WEA union rules to make Edmonds Schools lay off 45 young teachers
Tomorrow the Edmonds School Board is likely to lay off some 45 classroom teachers. Thirty of the 45 teachers targeted for layoffs have worked for less than three years, reports the Everett Herald. The blame for these layoffs lies squarely with the WEA union. Last fall, the WEA union threatened to close schools with strikes, so the Edmonds School Board gave 20% pay raises to the most senior teachers, boosting their pay to $114,200, plus another $32,000 in benefits, for a ten-month work year. (Average worker pay in Washington state is $61,000.)
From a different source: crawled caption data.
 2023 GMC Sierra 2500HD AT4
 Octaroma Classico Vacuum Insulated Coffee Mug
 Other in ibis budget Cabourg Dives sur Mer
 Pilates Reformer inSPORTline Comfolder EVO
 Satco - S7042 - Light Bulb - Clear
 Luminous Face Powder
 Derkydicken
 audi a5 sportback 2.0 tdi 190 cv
The move put the Edmonds budget into deficit. Now, under the union's "last-in-first-out" rule, young teachers will be fired to free up money to pay the high salaries of their older peers. At the same time, Edmonds school officials have $321 million, more money than ever. At $15,600 per student, public schools there get more money than private schools.
The trend is being repeated across the state. WEA union action forced many districts to give double-digit pay raises to senior employees. Then, using its extensive political clout, the WEA union pushed the legislature to raise taxes and give $4.4 billion more to schools, raising state education spending from $22.8 to $27.2 billion. Lawmakers also cancelled local tax relief, meaning districts will soon be raising local school taxes too.
Yet, despite being flush with cash, the Edmonds School District and many others still plead poverty.
The young teachers targeted for layoffs in Edmonds are recent graduates in their first jobs. They are raising families, settling into their new communities, and just trying to make ends meet. Some may be the best-qualified and hardest-working educators, but that doesn't matter to the union. Sacrificing the careers of young teachers is just one part of the WEA union's ruthless seniority system.
In all my years of working for strong policies that benefit children, it's depressing to watch the union's relentless power over public education. One can only hope that young teachers who get pink slips next week will leave union membership (now allowed under the Supreme Court's Janus decision), and find another teaching job, perhaps at a charter public school where unions have less control.
I believe teachers are better off without oppressive union oversight. Teachers deserve respect as professional educators, to be valued and respected and, yes, well paid, for their skill in the classroom, instead of being treated like nameless cogs in an unfeeling union machine.